See Architecture for why this split matters.
Account state
Section titled “Account state”Config-backed account — an entry in config.toml under [accounts.<key>]. IMAP/SMTP accounts and Gmail-with-BYOC live here. Editable from the TUI’s Accounts page or by hand.
Runtime account — what the daemon actually has connected. May include accounts that are config-backed (the common case) plus runtime-only entries (e.g. browser-auth Gmail sessions that don’t have a TOML row). mxr accounts shows runtime; mxr config show shows config.
Owned address — a verified address belonging to an account, used for direction inference (inbound vs outbound). Manage with mxr accounts addresses.
Search
Section titled “Search”Lexical search — Tantivy BM25 only. Exact, fast, deterministic. The default mode.
Semantic search — dense retrieval using local embeddings. Useful when you don’t know the keywords. Disabled by default; enable in [search.semantic] enabled = true. Runs entirely on-device.
Hybrid search — lexical + semantic, fused with reciprocal-rank fusion. Best recall; the keyword-aware default for “I want it to find what I mean.”
Saved search — a named, queryable inbox lens. Lives in the sidebar. Run from the CLI with mxr saved run <name>.
Mutation flow
Section titled “Mutation flow”Mutation — any operation that changes provider state (archive, trash, spam, label, snooze, send, unsend, unsubscribe). All support --dry-run; see the automation contract.
Mutation ID — a short token printed by archive/trash/spam/read/read-archive. Copy it and pass to mxr undo MUTATION_ID within ~60 seconds to revert.
Reply-later (a.k.a. bookmark) — flag a thread to come back to. Hey’s term is “Reply Later”; in the TUI the key is b for bookmark.
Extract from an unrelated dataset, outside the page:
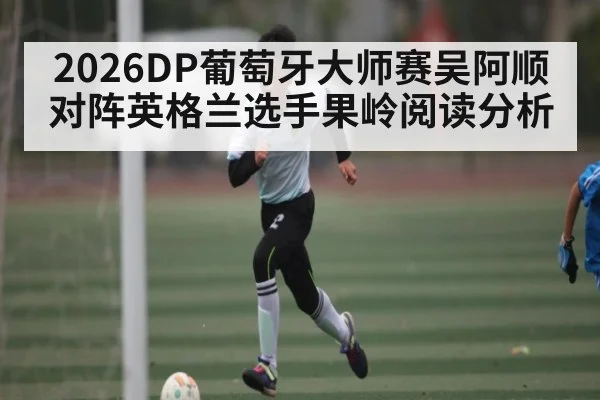 2026DP葡萄牙大师赛吴阿顺对阵英格兰选手果岭阅读分析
The reply queue is browsed with mxr replies or Ctrl-p → Reply Queue.
Snooze — hide a thread until a time. Returns to inbox at the specified moment. Set with mxr snooze --until '<grammar>' or the Z key in the TUI.
Screener — Hey-borrowed term for triaging unknown senders into Allow / Deny / Feed / Paper Trail. Local-only consent metadata; never round-trips to the provider. CLI: mxr screener.
Display
Section titled “Display”Reader mode — strips signatures, quoted text, tracking pixels, and remote-image references for distraction-free reading. Toggle with R.
Plain text first — mxr renders text/plain bodies if they exist, falling back to HTML→text only when needed. Remote content is off by default.
Provider quirks (the seam)
Section titled “Provider quirks (the seam)”Label — Gmail’s primary classification primitive. A message can have many labels.
Folder — IMAP’s primary classification primitive. A message lives in exactly one folder. mxr’s Label type carries a LabelKind::Folder variant so IMAP folders don’t get flattened into Gmail-style labels — preserving the semantic difference is important. mxr move is the verb that operates on folder semantics; mxr label is for label-style multi-membership.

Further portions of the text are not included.